Octavia flinched as he suddenly, because he couldn’t help himself, raised his fist. ‘Why?’ she taunted. ‘Why, why, why? What is the brave little Phillip going to do?’

‘I’ve already done it,’ he said. ‘As of now you have nothing. Do you hear that, nothing at all? Which makes you nothing. You can’t even pay for this hotel. At least not with money. But you can pay for it with your body. You’ll be paying for everything with your body from now on, because you’re no longer my wife … Ah! Ah! Ah!’ he said, holding up a hand as she started to argue. ‘There’s not a court in the whole of England that would support your claims once they know what you’ve done. And I’ll tell them, Octavia, make no mistake about that.’

‘Like hell you will! And drag your precious Annalise through the mud?’

‘I’d do it, and so would she.’

‘She can’t even speak yet, so how the hell do you know that?’

‘As a matter of fact she can, but you wouldn’t know that would you? You were too busy at the beauty parlour to be bothered about the fact that your own daughter was in danger of spending the rest of her life as a mute. But she won’t, not now. Because she knows the truth.’

‘So to hell with her reputation?’

‘How can that be so when Luke Fitzpatrick wasn’t her father? I’ve left her talking this over with Corrie, and believe you me, Octavia, you have far more to fear from Corrie than you’ll ever have from me or Annalise.’

‘That stupid little bitch!
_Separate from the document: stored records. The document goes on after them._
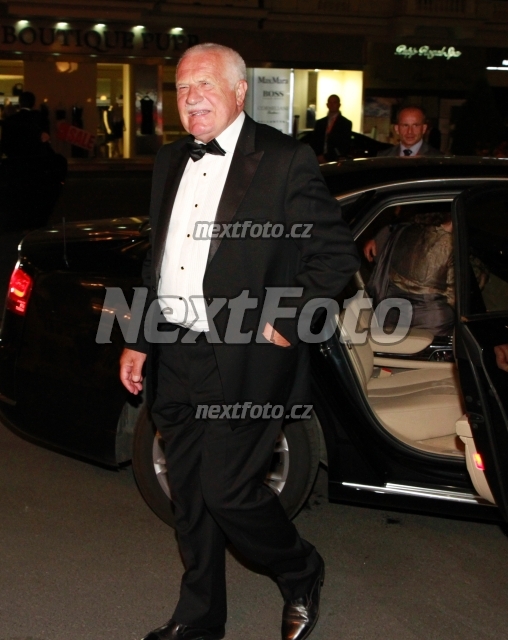 8850 Vaclav Klaus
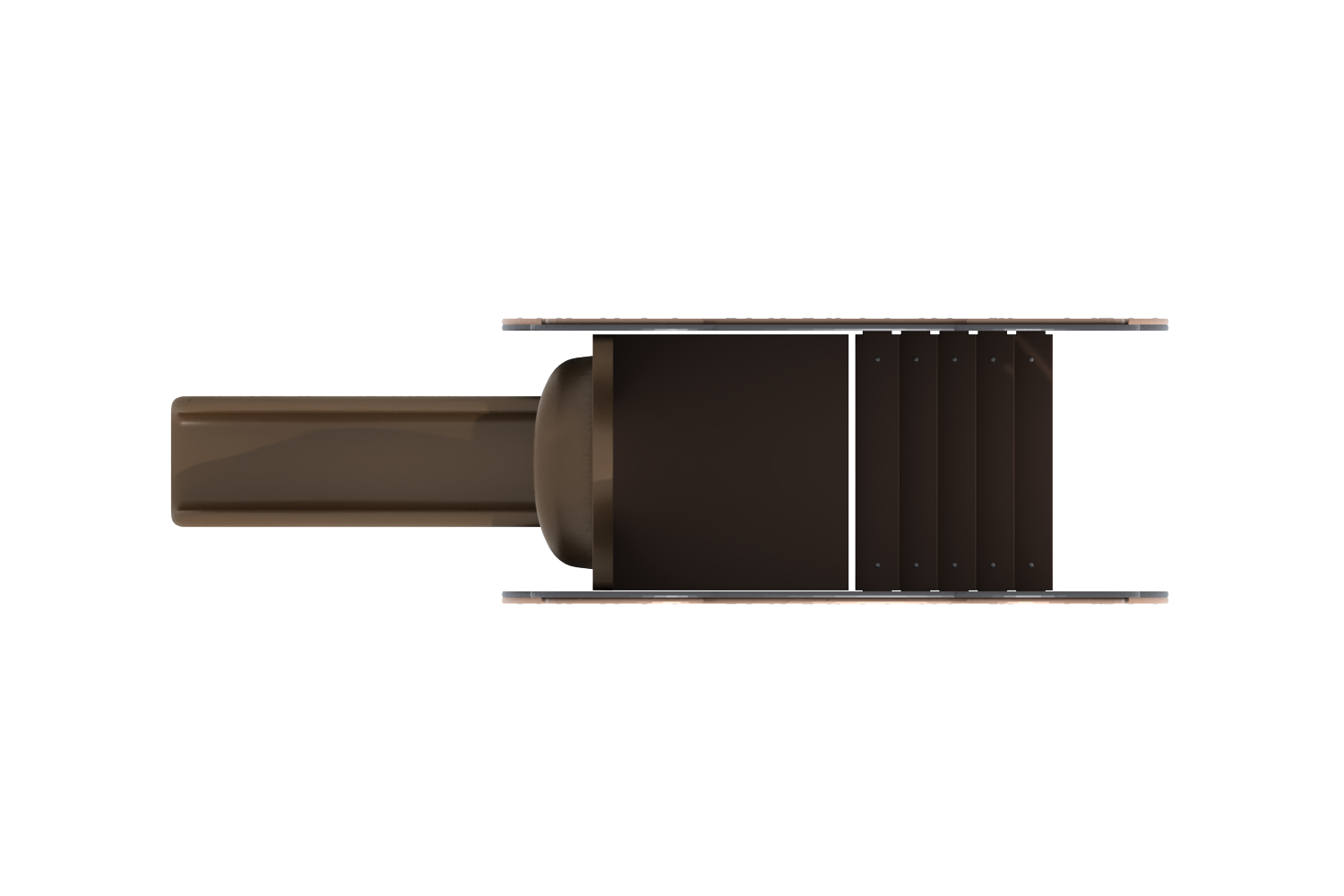 Детская горка "Мишка" ГР-006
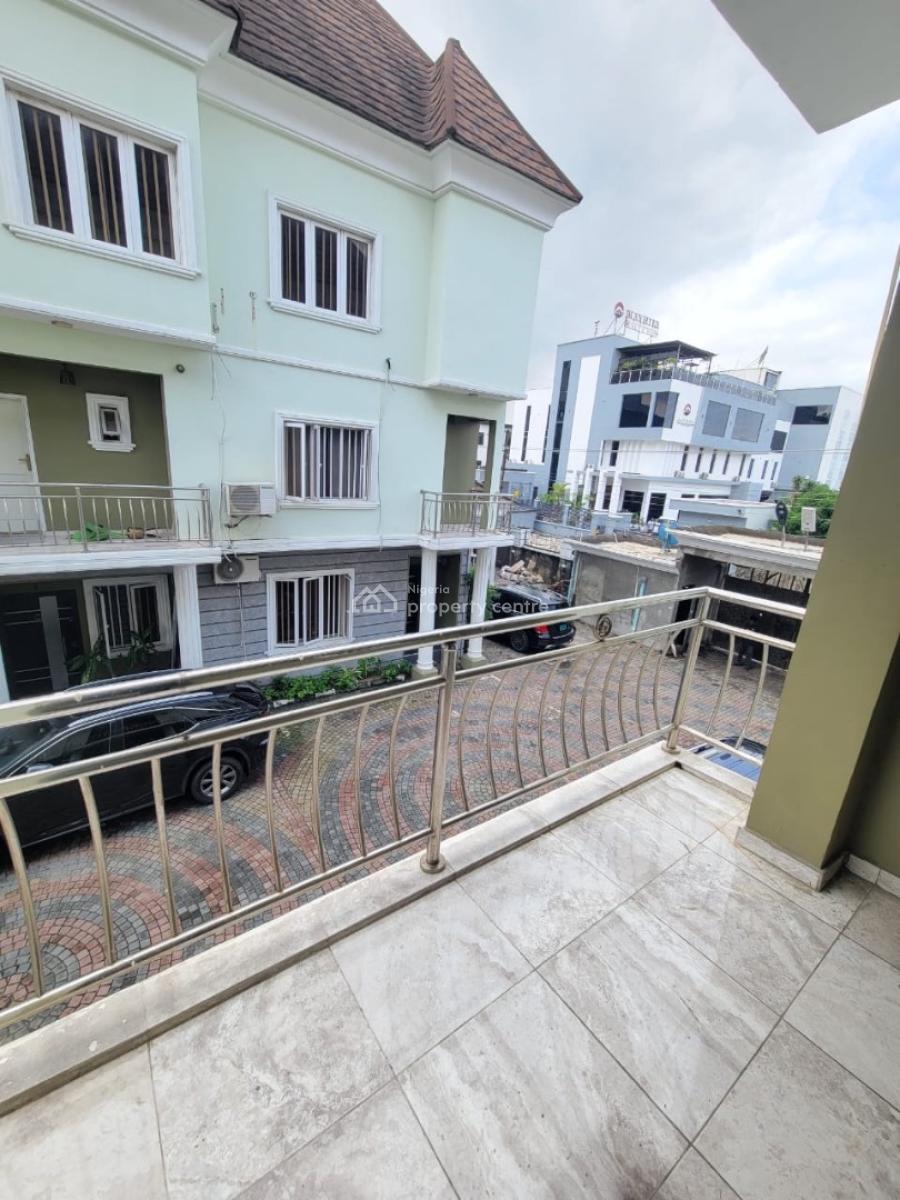 Standard and Spacious, Osapa London, Lekki, Lagos, Flat / Apartment for Rent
What the hell can she do to me?’

‘You’ll find out soon enough. And in the meantime you’d better face it, Octavia, as of now you’re a whore. A real whore! It’s the only way you’ll earn a living because you sure as hell can’t do anything else – and believe me, I’ll see to it that you never can. I’ll have my tabs out for you, Octavia, you’ll never escape them. And you’re going to suffer, for the rest of your life; because who wants a whore who’s approaching fifty who can’t afford the plastic surgery anymore? To begin with I can tell you that the manager of this establishment doesn’t, so you’d better start working out how you’re going to pay the bill. My advice to you is start soliciting now, and while you’re doing it remember that there’s no one there to save you now, no Luke to stop the sadists going too far, because you’ve killed him, Octavia. You murdered that man as sure as if your own finger pulled the trigger, and in doing it you’ve all but destroyed your own daughter.’ He started to walk out of the room, but when he reached the door he stopped and turned back. ‘Just one last thing before I go. Should you somehow manage to get yourself an airline ticket, don’t even think about coming back to Chelsea for your belongings, and
don’t
ever,
ever
, attempt to go near Annalise again. You’re finished, Octavia – more than finished, you’re dead.’